Ive been offered a mint 05 siena from a friend for a great price. I was wondering if anyone could lt me know if there were any problems with the carbon rear end on these models. Ive also been told that Litespeed can replace the carbon rear with a ti rear if needed, is this the case? (ive emailed litespeed some time ago but have yet to get a reply).

Always wanted a litespeed and would like to get as much info on the 05 siena as possible before parting with my ££££ or should i say $$$$

cheers


----------



## msosbo (Aug 19, 2008)

I have an 05 Saber with similar stays and no issues. I am 5'10", 210 lbs and I push the frame as hard as I can. I have heard from somebody on this forum about an issue with the junction between the Ti and carbon. I will be watching this thread to hear any feedback in regards to this issue.


----------



## geomoney (Oct 9, 2005)

I have an 04? Siena in a Medium/Large, original owner. It's one of 2 bikes I now own. I weighed around 195 pounds when I originally bought it, I'm "down" to about 180 now. Have ridden the bike regularly over the years, I put an average of 60-75 miles a week on it. I would have to say that it has absolutely no less than 7500 miles on it. The computer I had on it broke around 3 years ago, and I just never replaced it. I'm not even adding in the time I put on it over the winter on a trainer.
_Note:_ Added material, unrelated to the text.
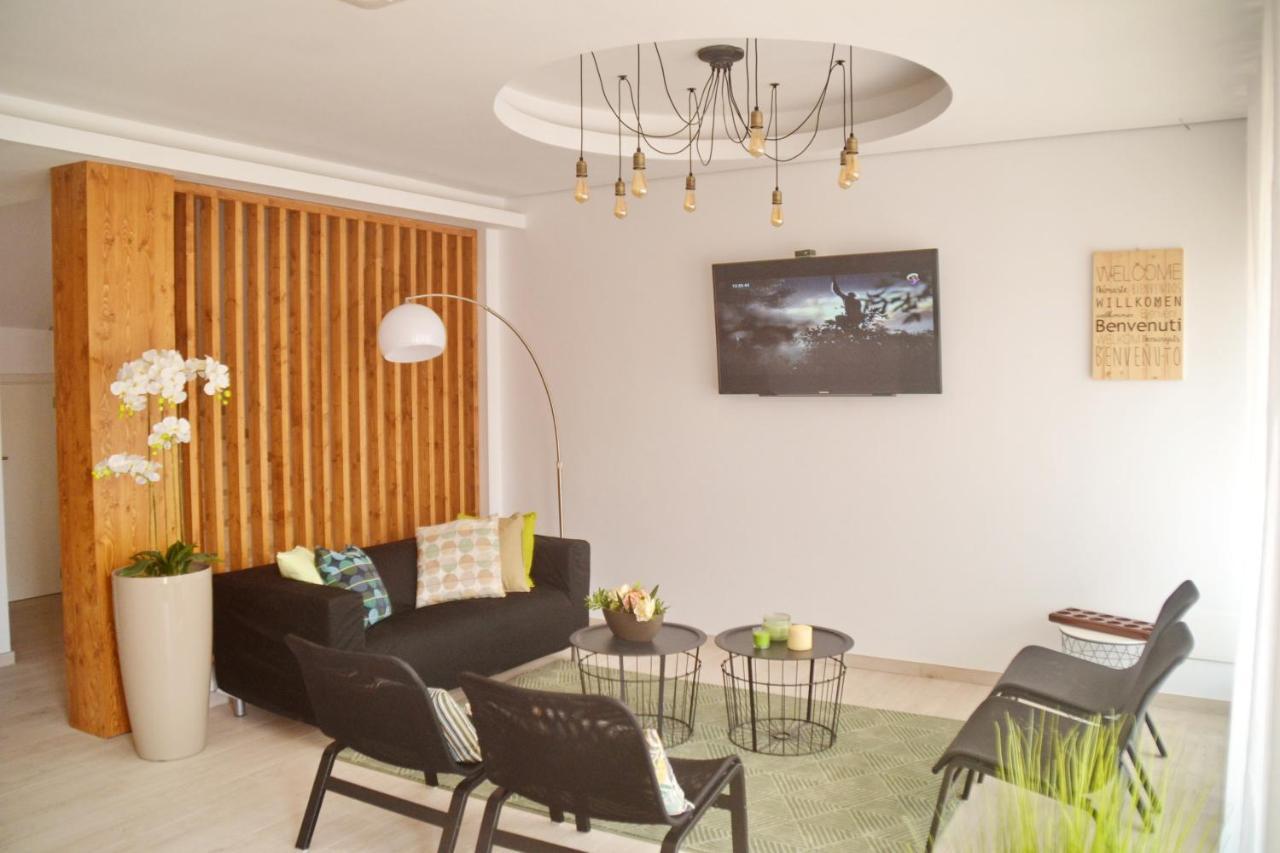 Ouril Hotel Julia سانتا ماريا المظهر الخارجي الصورة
I've had absolutely no problems whatsoever, and would recommend it to anyone looking at this frame. 

I've actually been tossing around the idea to replace it, but I can't justify my reason for wanting to replace it.


----------



## d.ten (Jul 21, 2009)

thanks, i went for it and am waiting for delivery..will put up a pic when i figure out how to do this!!

cheers


----------



## groundzero (Oct 25, 2004)

I have an 04 and have never had a problem with the rear carbon stays. They do stiffen up the ride vs a full Ti setup though.


----------



## geomoney (Oct 9, 2005)

Uh, what do you have in the background there?


----------



## groundzero (Oct 25, 2004)

some tools and a can of Pledge that I use to clean and shine my bikes.


----------



## geomoney (Oct 9, 2005)

There must be something wrong with my computer. On my screen I see a Pinarello. For a second I thought that someone had snuck into my basement and taken a picture of my 2bikes. Then I realized that I don't have a can of Pledge in my house..........


----------



## HigherGround (Mar 3, 2005)

geomoney said:


> There must be something wrong with my computer. On my screen I see a Pinarello. For a second I thought that someone had snuck into my basement and taken a picture of my 2bikes. Then I realized that I don't have a can of Pledge in my house..........


 Nice - your priorities are in the right place!


----------



## groundzero (Oct 25, 2004)

oh yeah... you are correct it is a Pinarello!


----------